## Input
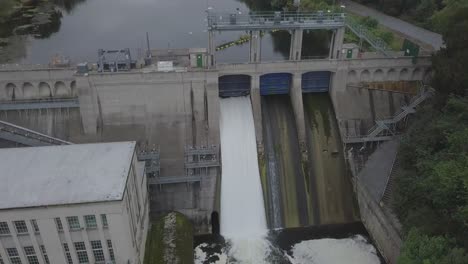 Aerial-footage-of-an-electric-station-dam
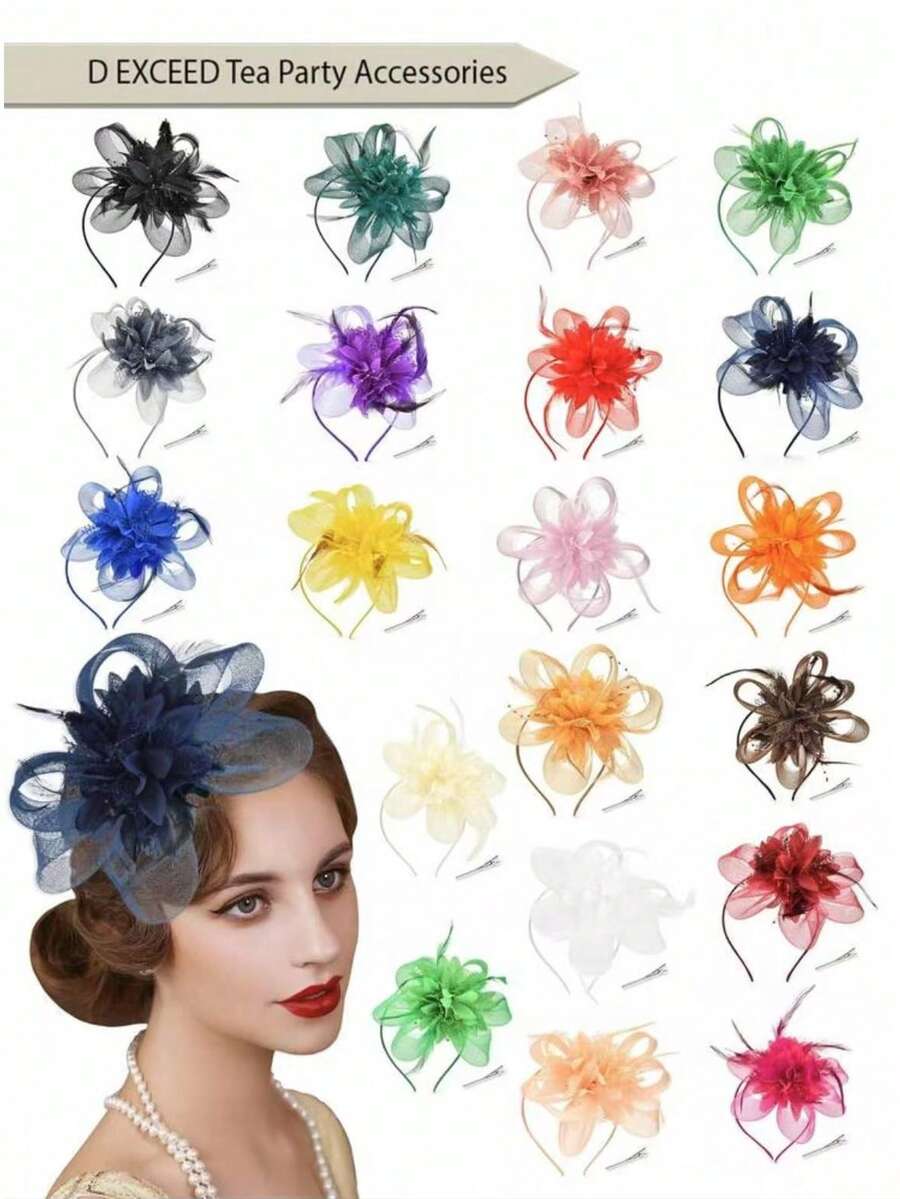 D EXCEED 1/2 PCS Vintage 1920s Beaded Fascinator Hat For Women - Art Decor Headpiece With Lace & Feathers | Gatsby Tea Parties, Weddings, Derby & Opera Events | Mother's Day, Bridal Shower, Teacher Gift Idea Valentine's Day Accessories - European and American Fashion Headwear - View 1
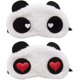 thumbnail image 1 of Antifaz para ojos de panda, suave y esponjoso, ideal para viajes y fiestas de pijamas, 2 unidades (panda roja con ojos de amor + panda blanco con ojos de amor), 1 of 5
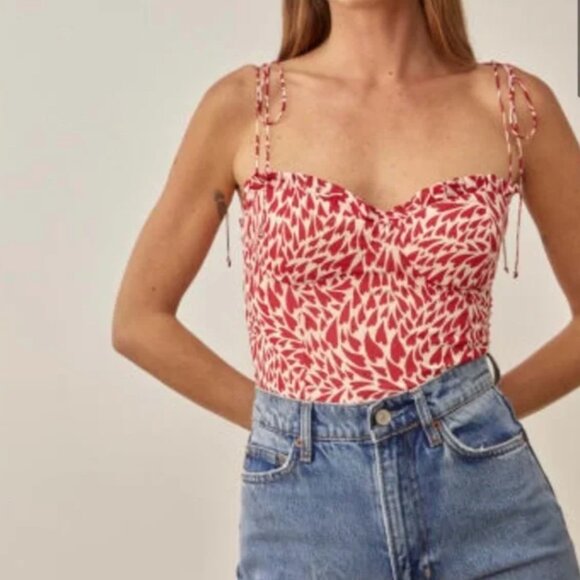 Reformation | Novena Floral Tie Sweetheart Tank Top in Hearts Love - Picture 1 of 7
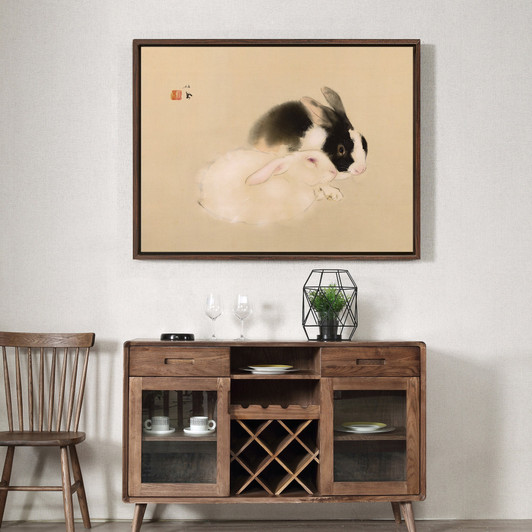 Takeuchi Seiho,Rabbits,Baby Room Wall Art,Two rabbits,large wall art,framed wall art,canvas wall art,large canvas,M5008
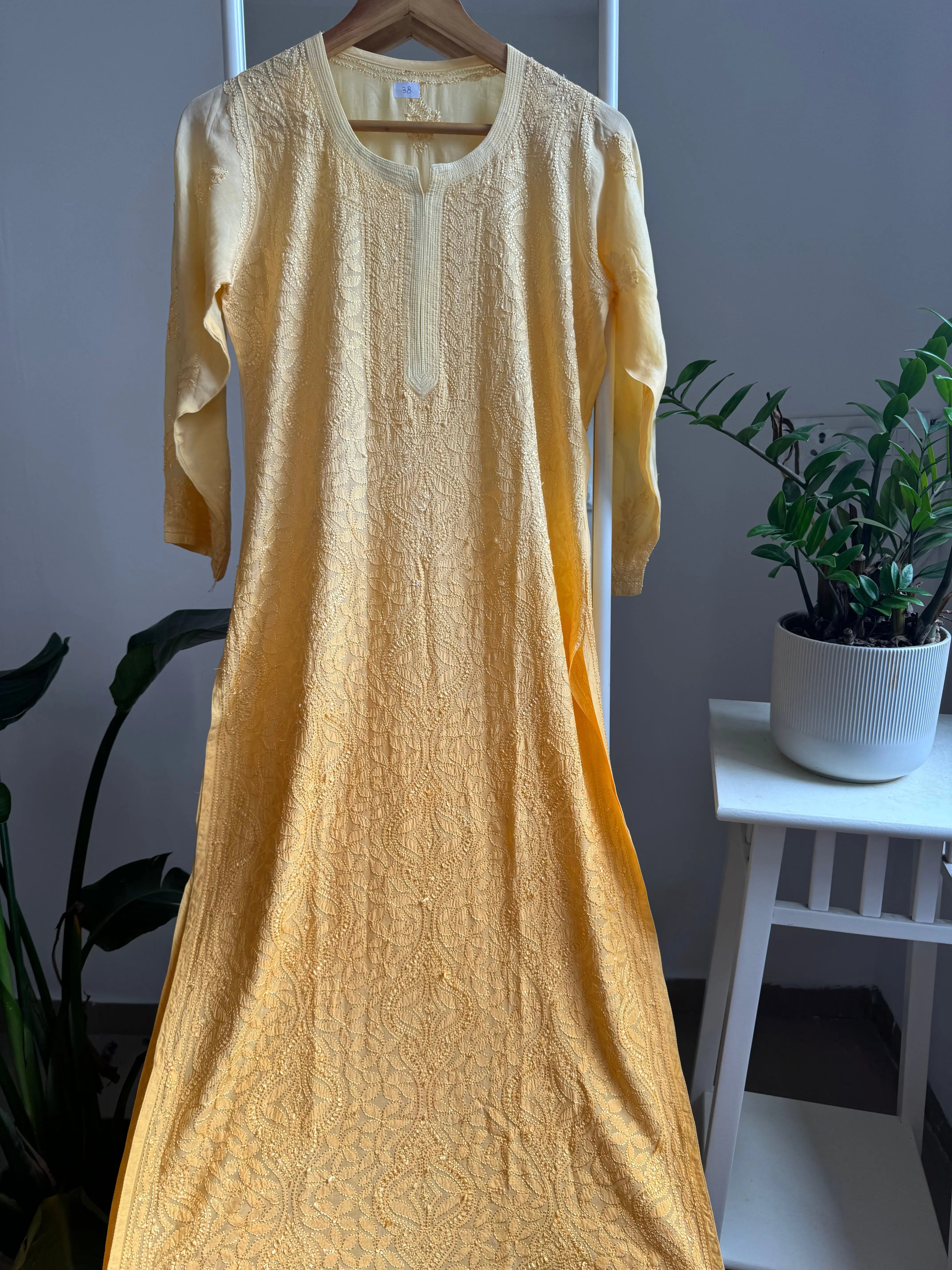 Muslin Chikankari Kurti - Yellow Ombre ARIAA CHIKANKARI 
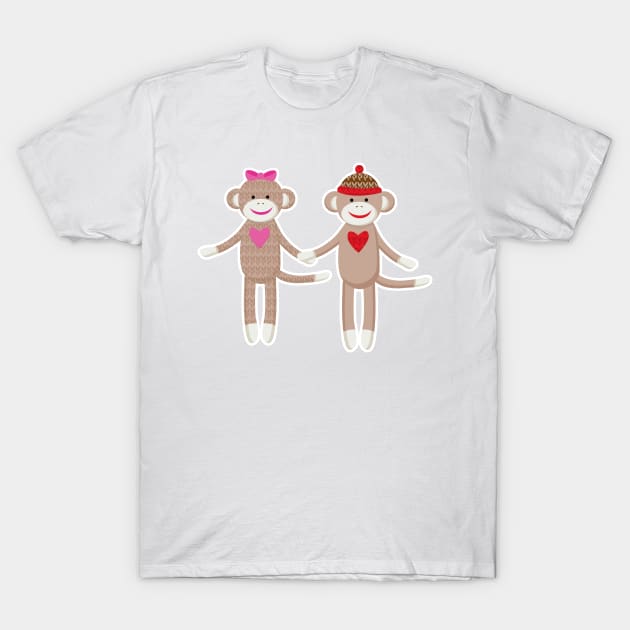 Sock Monkey Wedding Couple T-Shirt by JessDesigns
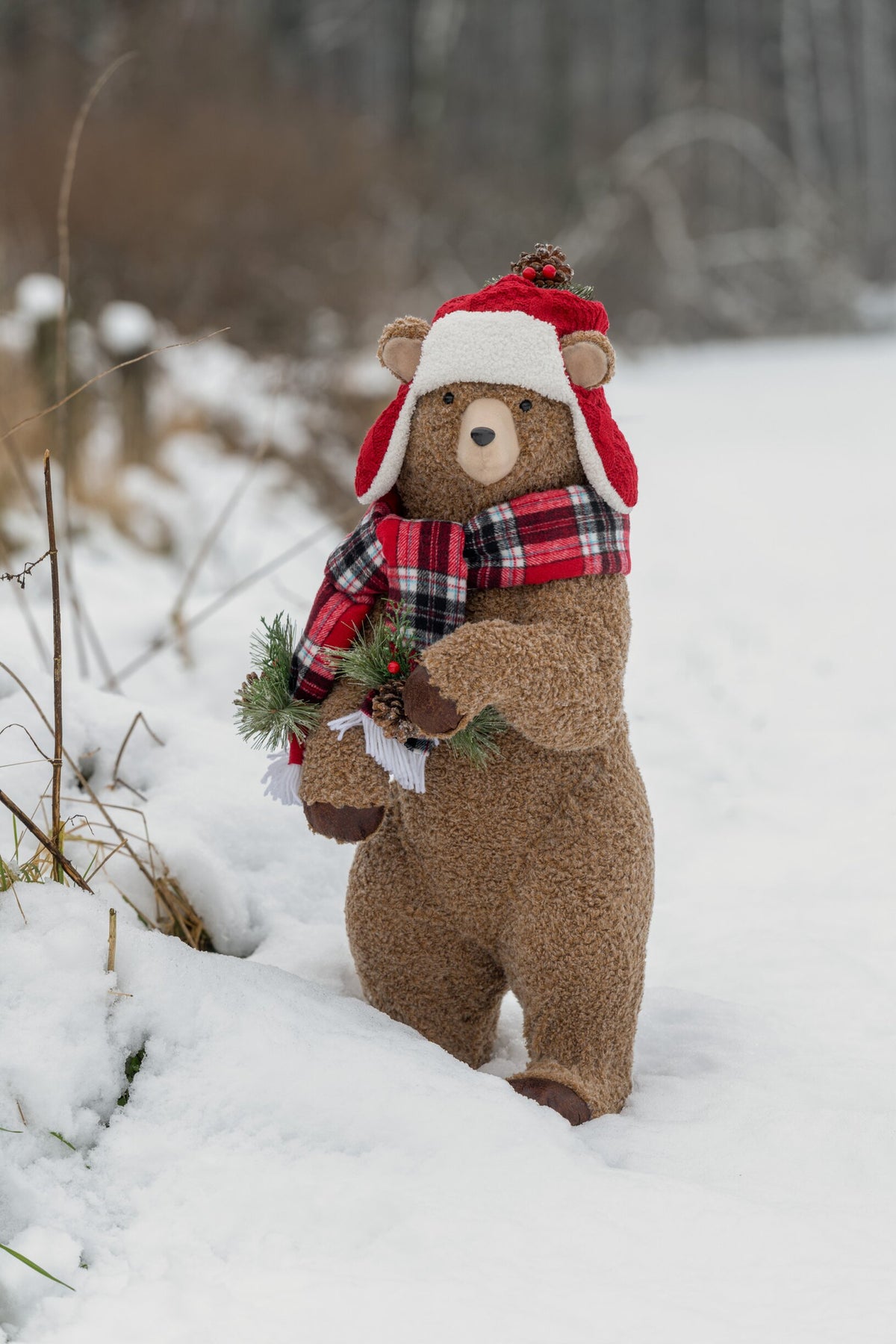 J-LINE BEER + BEANIE POLYESTER BRUIN/KERST ROOD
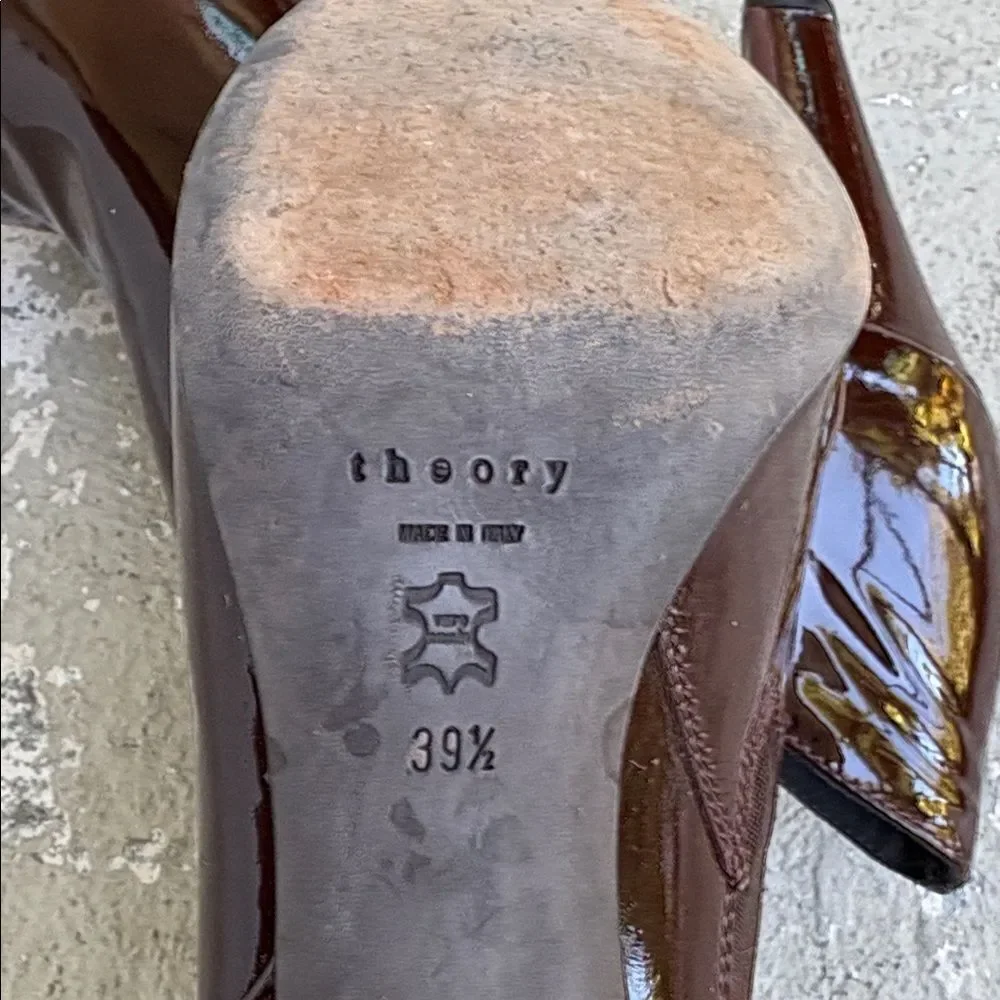 Theory patent leather booties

## Directions for this task
Return verbatim every line from the line containing "J-LINE BEER +" to the last line of the entries above, inclusive, and leave out the pictures.

## Response
 J-LINE BEER + BEANIE POLYESTER BRUIN/KERST ROOD
 Theory patent leather booties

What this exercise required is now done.